Short descriptive text snippets
◇ ◇ ◇ ◇ ◇

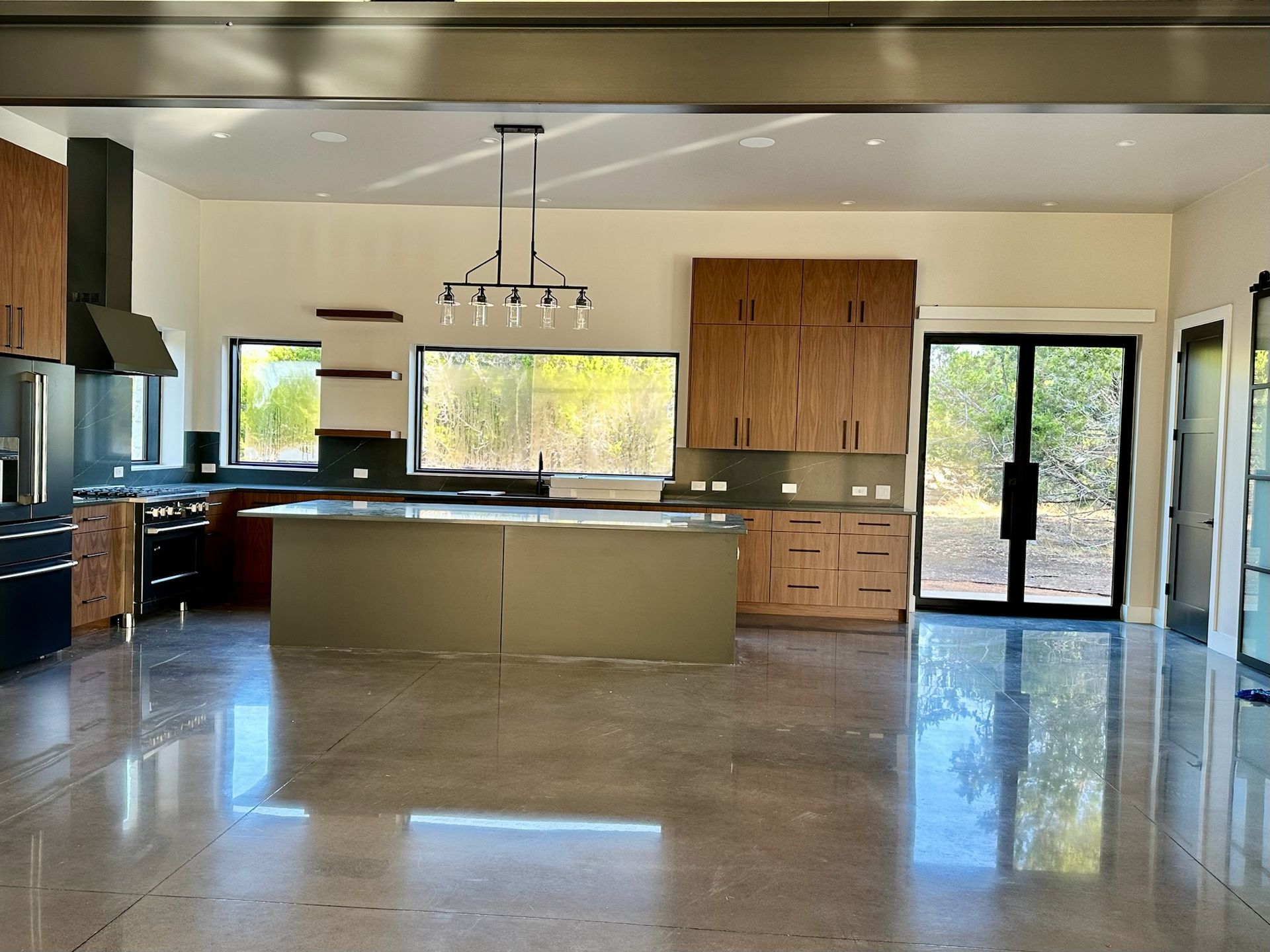 Modern kitchen with a large island, wooden cabinets, and polished concrete floor.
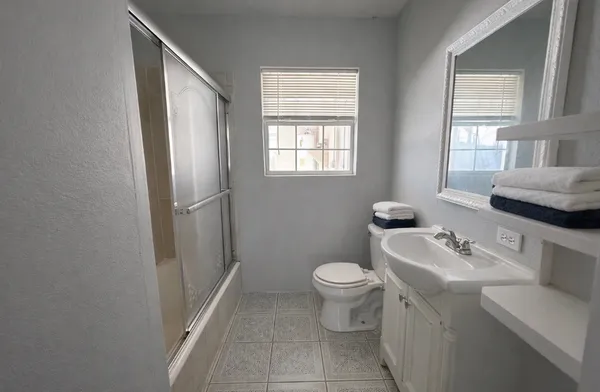 a bathroom with a sink toilet and window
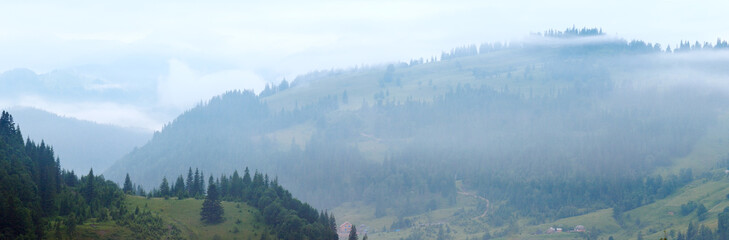 Misty morning summer mountain village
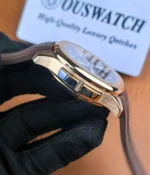 Focused side shot of the GMT adjustment pushers on the rose gold Aquanaut, illustrating the functional controls used for the dual-time setting.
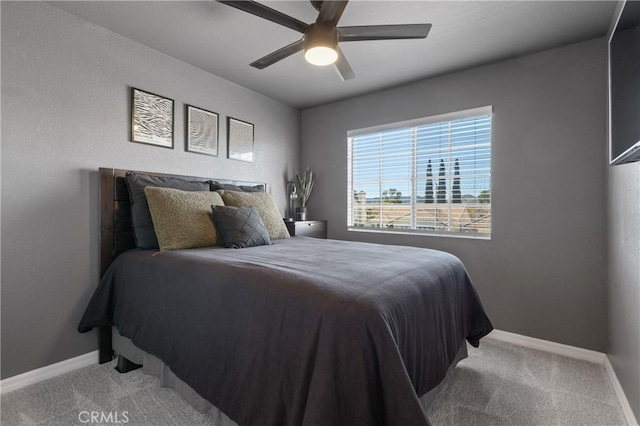 bedroom with baseboards, a ceiling fan, and carpet flooring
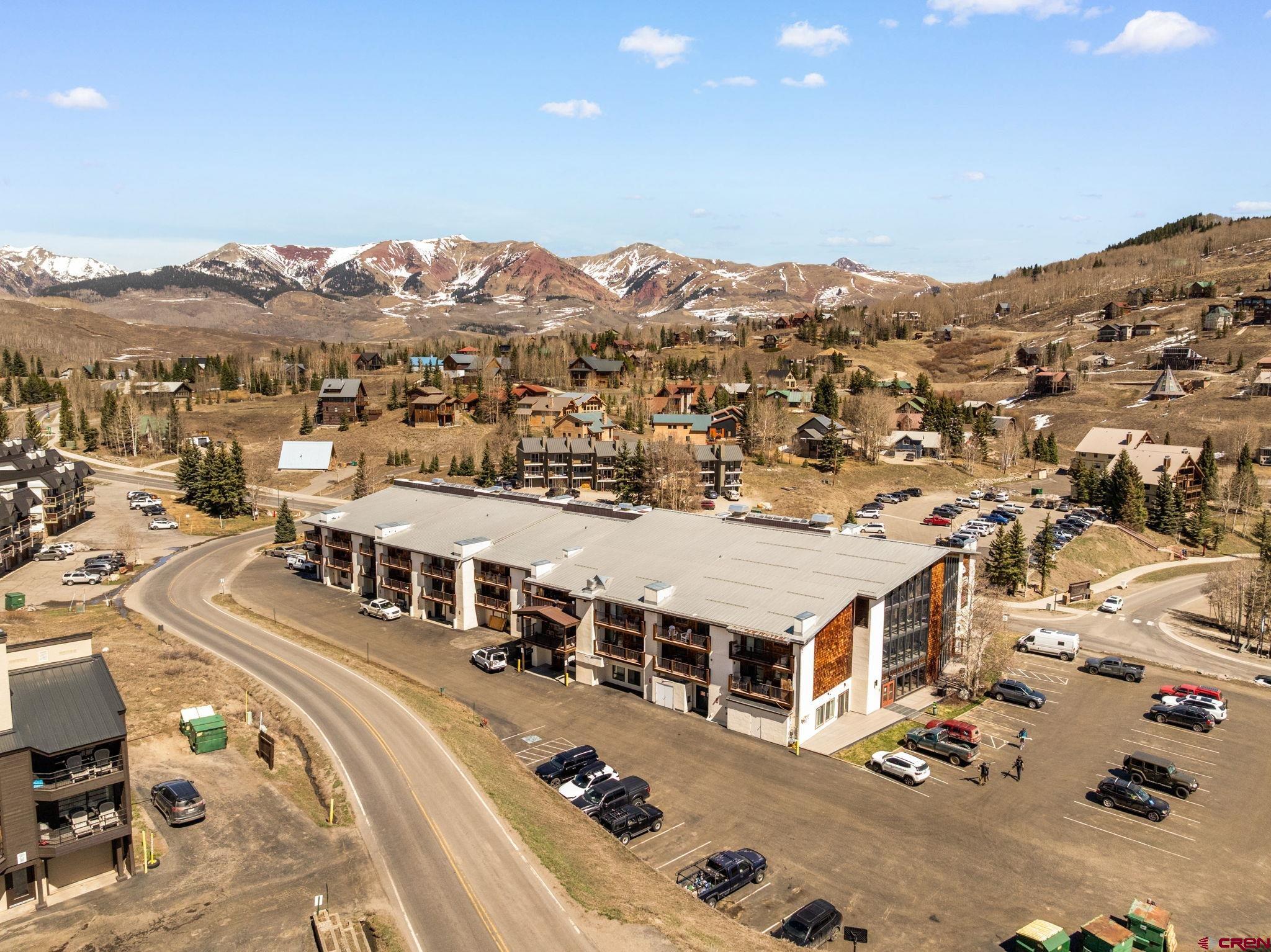 701 Gothic Road, Unit 143 Crested Butte, CO 81225 - Photo 6 of 30 an aerial view of residential houses with city view and mountains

◇ ◇ ◇ ◇ ◇

- **EXERCISE BRIEF**:
Transcribe each entry above without alteration, but keep the pictures out.

- **TASK OUTPUT**:
 Modern kitchen with a large island, wooden cabinets, and polished concrete floor.
 a bathroom with a sink toilet and window
 Misty morning summer mountain village
 Focused side shot of the GMT adjustment pushers on the rose gold Aquanaut, illustrating the functional controls used for the dual-time setting.
 bedroom with baseboards, a ceiling fan, and carpet flooring
 701 Gothic Road, Unit 143 Crested Butte, CO 81225 - Photo 6 of 30 an aerial view of residential houses with city view and mountains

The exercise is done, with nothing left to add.